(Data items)

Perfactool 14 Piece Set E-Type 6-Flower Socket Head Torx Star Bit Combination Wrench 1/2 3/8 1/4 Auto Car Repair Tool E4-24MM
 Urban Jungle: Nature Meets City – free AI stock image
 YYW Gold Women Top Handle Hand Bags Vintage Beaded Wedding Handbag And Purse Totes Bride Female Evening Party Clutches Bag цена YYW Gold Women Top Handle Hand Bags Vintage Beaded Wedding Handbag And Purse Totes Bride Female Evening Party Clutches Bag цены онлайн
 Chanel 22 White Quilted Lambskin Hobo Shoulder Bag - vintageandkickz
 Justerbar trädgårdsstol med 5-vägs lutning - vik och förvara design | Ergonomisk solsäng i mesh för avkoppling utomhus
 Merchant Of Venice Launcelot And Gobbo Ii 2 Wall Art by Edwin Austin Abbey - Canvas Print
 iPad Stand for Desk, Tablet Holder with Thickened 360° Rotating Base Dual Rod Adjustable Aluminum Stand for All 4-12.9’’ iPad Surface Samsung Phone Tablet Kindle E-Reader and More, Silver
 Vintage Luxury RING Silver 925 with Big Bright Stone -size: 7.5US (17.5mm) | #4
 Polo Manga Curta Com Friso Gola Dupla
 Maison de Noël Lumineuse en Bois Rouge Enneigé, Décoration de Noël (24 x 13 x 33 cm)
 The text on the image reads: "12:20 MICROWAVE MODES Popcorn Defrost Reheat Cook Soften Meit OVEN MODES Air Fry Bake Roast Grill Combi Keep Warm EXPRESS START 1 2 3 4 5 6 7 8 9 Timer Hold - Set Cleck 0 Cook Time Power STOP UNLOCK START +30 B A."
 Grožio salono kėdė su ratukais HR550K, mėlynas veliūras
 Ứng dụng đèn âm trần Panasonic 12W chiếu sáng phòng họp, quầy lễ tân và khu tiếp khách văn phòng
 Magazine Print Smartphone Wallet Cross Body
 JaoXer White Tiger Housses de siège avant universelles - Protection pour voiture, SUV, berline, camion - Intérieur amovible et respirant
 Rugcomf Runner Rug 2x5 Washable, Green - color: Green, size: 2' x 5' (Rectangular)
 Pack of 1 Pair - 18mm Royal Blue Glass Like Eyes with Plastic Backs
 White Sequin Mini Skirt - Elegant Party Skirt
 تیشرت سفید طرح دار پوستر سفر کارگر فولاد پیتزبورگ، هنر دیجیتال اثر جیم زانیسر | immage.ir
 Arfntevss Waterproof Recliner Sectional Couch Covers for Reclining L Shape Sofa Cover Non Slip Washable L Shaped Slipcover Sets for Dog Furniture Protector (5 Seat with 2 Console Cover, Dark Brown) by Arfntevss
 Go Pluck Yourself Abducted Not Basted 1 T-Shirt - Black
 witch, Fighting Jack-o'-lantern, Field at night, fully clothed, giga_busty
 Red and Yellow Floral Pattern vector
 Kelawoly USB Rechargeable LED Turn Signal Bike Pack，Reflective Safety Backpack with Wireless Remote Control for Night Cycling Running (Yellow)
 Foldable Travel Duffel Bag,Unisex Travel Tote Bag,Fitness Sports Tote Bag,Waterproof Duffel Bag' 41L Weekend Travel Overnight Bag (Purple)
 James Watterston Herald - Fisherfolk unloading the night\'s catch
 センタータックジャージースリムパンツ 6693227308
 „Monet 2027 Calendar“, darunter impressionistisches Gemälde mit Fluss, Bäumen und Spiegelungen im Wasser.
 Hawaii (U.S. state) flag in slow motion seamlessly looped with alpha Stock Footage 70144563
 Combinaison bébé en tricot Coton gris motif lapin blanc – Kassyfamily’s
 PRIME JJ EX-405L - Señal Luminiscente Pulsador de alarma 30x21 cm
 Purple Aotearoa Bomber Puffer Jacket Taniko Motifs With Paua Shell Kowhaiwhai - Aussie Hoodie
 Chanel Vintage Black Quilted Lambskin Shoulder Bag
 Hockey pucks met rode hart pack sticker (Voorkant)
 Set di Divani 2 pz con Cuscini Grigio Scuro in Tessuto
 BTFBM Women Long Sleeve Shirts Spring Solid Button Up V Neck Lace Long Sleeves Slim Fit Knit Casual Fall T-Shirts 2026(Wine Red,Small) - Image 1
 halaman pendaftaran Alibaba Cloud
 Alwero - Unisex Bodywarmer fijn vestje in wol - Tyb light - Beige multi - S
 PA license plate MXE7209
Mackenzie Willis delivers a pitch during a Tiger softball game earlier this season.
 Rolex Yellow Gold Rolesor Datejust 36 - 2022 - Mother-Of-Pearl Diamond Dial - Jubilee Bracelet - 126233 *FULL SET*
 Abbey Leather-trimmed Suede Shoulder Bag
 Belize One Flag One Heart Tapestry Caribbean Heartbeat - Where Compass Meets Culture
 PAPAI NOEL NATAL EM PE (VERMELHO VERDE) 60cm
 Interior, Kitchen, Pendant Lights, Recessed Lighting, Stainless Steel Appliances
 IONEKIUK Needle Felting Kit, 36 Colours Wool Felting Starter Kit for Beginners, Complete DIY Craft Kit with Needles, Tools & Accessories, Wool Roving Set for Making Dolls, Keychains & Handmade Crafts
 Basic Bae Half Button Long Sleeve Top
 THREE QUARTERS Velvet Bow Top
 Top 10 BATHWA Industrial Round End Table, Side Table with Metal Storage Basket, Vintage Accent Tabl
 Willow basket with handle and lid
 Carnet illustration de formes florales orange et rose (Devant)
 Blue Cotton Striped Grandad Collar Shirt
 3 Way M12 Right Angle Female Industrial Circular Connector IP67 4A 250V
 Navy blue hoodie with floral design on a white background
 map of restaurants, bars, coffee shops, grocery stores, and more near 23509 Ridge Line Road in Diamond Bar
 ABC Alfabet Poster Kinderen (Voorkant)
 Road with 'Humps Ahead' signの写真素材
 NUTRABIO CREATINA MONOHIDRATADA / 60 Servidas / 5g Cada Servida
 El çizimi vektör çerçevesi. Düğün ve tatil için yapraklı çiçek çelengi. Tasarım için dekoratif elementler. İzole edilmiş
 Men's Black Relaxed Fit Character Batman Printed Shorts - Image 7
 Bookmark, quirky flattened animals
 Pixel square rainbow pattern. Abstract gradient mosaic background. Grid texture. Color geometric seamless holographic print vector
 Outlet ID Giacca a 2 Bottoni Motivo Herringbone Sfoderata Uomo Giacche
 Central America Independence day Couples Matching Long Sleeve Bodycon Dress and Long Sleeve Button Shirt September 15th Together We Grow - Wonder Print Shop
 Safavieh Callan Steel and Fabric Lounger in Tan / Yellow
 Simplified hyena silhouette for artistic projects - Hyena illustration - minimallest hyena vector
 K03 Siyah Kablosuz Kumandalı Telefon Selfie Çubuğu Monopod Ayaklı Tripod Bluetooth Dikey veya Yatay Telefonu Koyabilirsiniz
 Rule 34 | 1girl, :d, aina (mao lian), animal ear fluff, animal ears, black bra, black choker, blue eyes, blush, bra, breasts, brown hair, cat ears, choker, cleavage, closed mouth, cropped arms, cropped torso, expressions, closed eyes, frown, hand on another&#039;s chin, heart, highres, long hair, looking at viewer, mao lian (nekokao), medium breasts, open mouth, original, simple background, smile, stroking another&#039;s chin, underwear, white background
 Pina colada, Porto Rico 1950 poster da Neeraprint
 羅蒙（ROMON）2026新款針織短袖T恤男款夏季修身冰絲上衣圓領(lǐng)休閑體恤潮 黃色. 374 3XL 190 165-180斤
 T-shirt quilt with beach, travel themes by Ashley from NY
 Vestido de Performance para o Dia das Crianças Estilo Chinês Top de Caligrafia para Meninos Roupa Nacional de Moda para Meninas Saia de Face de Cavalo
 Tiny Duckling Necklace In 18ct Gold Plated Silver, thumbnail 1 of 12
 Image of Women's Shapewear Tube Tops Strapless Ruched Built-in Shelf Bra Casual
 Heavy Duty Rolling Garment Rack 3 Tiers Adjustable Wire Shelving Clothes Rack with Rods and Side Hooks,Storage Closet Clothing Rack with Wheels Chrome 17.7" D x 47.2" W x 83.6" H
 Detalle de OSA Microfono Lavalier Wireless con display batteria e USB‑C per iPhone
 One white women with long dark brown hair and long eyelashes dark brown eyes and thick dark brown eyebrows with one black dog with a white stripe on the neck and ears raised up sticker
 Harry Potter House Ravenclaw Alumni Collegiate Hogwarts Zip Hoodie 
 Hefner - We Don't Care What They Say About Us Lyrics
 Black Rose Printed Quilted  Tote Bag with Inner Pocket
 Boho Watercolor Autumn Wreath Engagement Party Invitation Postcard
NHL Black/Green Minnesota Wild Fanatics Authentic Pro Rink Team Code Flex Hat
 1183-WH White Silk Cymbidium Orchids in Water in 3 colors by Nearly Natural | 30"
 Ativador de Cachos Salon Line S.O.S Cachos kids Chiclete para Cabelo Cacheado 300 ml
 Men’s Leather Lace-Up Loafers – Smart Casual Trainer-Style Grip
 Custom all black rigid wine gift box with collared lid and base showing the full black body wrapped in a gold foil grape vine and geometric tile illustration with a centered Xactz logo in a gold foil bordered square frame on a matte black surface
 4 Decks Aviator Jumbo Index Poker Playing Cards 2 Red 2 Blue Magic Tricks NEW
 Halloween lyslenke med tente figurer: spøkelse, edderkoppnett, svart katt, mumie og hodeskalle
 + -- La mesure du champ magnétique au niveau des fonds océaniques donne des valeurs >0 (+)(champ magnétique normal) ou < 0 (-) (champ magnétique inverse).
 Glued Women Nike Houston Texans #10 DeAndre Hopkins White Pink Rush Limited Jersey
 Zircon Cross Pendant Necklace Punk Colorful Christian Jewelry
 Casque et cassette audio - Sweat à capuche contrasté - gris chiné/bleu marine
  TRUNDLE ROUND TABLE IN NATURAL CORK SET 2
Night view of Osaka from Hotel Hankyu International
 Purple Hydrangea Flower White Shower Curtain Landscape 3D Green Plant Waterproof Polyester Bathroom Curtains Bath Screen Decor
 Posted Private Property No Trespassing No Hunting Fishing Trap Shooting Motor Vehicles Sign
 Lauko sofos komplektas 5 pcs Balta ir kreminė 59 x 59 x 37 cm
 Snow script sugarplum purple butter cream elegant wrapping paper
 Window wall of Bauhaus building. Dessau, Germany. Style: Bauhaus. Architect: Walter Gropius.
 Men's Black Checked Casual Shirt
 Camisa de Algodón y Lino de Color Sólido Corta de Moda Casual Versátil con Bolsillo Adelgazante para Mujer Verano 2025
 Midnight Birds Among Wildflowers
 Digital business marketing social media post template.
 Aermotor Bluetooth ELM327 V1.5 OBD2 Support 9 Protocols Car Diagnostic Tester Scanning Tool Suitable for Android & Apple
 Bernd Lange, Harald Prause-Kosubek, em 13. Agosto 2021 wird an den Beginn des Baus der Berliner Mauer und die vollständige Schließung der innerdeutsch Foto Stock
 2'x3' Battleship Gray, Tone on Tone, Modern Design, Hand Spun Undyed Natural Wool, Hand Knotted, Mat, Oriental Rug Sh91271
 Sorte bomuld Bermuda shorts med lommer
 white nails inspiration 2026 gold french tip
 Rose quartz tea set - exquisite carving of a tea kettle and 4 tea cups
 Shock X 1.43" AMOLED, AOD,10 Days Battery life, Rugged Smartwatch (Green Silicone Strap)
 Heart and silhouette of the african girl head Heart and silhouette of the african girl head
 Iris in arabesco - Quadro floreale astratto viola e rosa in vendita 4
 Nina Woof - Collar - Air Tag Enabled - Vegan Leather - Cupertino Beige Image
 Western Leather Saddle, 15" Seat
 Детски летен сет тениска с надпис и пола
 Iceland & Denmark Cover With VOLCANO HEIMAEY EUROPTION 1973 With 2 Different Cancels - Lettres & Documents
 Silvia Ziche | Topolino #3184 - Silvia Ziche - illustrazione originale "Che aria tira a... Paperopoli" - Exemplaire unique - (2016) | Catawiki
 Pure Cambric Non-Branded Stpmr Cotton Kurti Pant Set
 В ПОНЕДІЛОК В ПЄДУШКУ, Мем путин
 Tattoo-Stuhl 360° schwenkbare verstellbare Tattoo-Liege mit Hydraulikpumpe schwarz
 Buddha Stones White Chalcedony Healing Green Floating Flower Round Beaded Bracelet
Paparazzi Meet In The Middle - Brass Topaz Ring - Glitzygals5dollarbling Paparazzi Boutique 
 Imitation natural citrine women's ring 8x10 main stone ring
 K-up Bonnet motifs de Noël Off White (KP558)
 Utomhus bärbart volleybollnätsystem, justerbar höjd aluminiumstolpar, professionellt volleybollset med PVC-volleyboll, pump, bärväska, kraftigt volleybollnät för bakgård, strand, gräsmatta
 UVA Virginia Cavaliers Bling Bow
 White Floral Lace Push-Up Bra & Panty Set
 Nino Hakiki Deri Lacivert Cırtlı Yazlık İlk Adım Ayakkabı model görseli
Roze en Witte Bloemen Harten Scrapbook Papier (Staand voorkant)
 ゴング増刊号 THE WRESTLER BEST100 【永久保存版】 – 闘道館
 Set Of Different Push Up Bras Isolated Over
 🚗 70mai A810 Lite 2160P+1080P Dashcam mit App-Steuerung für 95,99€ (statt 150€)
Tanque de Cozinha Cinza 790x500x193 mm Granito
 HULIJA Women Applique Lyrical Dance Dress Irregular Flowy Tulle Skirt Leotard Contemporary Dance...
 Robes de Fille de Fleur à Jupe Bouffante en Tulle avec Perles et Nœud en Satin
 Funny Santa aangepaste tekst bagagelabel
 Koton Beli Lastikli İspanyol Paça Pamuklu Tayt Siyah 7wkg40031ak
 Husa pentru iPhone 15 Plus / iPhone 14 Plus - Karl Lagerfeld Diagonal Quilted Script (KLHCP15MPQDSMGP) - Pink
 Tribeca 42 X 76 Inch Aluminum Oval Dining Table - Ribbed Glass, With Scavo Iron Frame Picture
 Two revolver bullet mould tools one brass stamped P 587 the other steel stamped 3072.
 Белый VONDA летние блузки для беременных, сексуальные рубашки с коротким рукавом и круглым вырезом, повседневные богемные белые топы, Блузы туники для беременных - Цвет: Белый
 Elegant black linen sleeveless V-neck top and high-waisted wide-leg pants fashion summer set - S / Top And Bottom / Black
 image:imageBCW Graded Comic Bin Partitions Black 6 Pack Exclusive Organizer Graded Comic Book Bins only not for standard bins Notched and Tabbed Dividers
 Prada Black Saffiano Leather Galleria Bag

*Work instruction:* All lines of the data above that include the word "Wireless" must be shown.

*Expected answer:*
 Kelawoly USB Rechargeable LED Turn Signal Bike Pack，Reflective Safety Backpack with Wireless Remote Control for Night Cycling Running (Yellow)
 Detalle de OSA Microfono Lavalier Wireless con display batteria e USB‑C per iPhone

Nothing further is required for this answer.